The Administration’s proposal calls for the creation of a $3 billion Public Benefits Fund to be matched by states and used for energy efficiency programs, technology research projects, low-income assistance, and consumer education. In addition, with electricity suppliers competing to meet the needs of customers, they are likely to offer a full range of energy services in order to be competitive. Energy efficiency improvements are already being offered in some of the nascent retail competition areas. Together these efficiency improvements are assumed to reduce electricity demand by 2 percent in 2010. The modeled scenario was developed in the context of a $2 billion increment to annual baseline energy-efficiency expenditures over the 2000 to 2010 period. Additional expenditures in energy efficiency would reduce electricity demand further.

Section 4. Next Steps

This paper is intended to inform discussions of restructuring policy by comparing a generic cost-of- service scenario to a retail competition scenario that is consistent with the main elements of the Administration’s Comprehensive Electricity Competition Act. Further analyses can provide additional insights as these discussions unfold. While some future analyses will be driven by the specific elements of alternative proposals, some issues that have already been identified as potential subjects of future analysis are briefly summarized below:

    Transmission constraints: Transmission plays an important role in the modeling analysis of competition, since only in the presence of transmission constraints will prices in adjacent competitive markets differ by more than the transmission fee plus line losses. Electricity flows on the transmission system do not generally follow the contract path, and the available capacity between two market areas may be influenced by power flows throughout the system. For this reason, it is important to verify the POEMS representation of transmission constraints using tools that can follow physical flows. Work in this area is underway in cooperation with the North American Electric Reliability Council and other transmission experts.

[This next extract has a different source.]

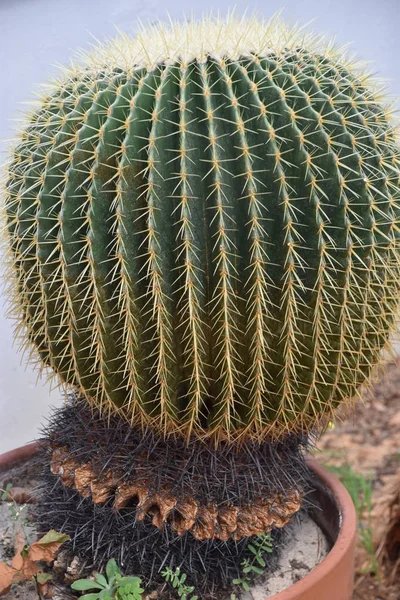 Плантация кактусов в пустыне — стоковое фото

    The timing and scope of competition: Notwithstanding the difficulty of separating the projected effects of the Administration’s proposal from those attributable to other steps towards competition, sensitivity scenarios addressing this issue could provide useful insight into the likely impact of alternative transition paths.

    Nuclear retirements: For both emissions and economic reasons, there is considerable interest in the implications of competition for continued utilization of existing nuclear plants. A further assessment in this area would review the characterization of retirements in the Reference Scenario and the criteria used to drive retirements in the Competitive Scenario. The role of risk relative to expected profitability in driving retirement decisions should plant owners be called upon to make an early declaration regarding their intended retirement decisions also merits further attention. Finally, the implications of a scenario in which competition results in a concentration of nuclear operations in the hands of firms with a proven record of efficient, safe, and economical operation of these facilities should also be considered.

    Alternative Allocations of Stranded Costs: In the same manner that rates under cost-of-service regulation are affected by the allocation of new capacity costs across customer classes, prices in the transition to competition will depend on how the costs of uneconomic generating assets are allocated. Sensitivity analyses could scope out the range of possible outcomes.